:: Records to use
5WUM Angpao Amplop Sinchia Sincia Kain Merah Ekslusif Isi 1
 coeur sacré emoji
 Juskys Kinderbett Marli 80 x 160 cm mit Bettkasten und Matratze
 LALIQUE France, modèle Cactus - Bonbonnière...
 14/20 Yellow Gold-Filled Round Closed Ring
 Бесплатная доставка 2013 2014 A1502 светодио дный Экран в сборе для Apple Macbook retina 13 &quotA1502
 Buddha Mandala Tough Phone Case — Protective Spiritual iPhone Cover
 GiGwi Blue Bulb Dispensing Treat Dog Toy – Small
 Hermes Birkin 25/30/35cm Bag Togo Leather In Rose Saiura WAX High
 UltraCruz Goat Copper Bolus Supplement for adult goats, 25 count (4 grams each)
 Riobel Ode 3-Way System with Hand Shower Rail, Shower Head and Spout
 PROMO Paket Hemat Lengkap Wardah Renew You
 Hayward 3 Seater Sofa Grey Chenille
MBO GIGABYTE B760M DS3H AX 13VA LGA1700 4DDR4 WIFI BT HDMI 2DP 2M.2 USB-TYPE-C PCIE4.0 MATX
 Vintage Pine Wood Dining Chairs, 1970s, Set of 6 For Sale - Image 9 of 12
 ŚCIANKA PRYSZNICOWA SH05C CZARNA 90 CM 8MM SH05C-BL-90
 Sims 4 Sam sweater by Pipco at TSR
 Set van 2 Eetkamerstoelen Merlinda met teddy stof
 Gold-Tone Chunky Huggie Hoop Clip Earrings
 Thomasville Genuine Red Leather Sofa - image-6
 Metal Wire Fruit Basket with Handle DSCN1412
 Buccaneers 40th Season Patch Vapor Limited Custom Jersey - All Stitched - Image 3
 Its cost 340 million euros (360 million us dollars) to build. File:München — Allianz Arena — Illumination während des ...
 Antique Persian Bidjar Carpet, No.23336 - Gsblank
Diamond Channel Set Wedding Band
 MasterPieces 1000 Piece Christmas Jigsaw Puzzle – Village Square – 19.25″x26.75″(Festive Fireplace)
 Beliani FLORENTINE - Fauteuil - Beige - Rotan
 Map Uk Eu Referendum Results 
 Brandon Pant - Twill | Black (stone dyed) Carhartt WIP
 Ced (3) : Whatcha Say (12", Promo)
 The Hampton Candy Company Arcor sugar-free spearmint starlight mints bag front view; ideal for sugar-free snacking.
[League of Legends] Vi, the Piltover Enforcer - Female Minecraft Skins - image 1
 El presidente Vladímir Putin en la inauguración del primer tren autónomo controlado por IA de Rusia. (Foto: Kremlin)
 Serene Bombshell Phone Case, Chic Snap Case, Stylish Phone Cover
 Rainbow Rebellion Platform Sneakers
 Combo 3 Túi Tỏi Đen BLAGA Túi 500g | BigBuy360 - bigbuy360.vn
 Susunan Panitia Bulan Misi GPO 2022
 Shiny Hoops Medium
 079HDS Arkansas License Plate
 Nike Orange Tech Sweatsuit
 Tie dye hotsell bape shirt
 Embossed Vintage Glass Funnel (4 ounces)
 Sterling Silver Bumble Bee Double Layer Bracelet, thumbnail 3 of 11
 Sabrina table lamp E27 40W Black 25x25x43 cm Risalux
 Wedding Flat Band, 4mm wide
::::
Directions for this task:
Scan the entries for lines holding the string "Phone", then copy every one of them.

Expected answer:
 Buddha Mandala Tough Phone Case — Protective Spiritual iPhone Cover
 Serene Bombshell Phone Case, Chic Snap Case, Stylish Phone Cover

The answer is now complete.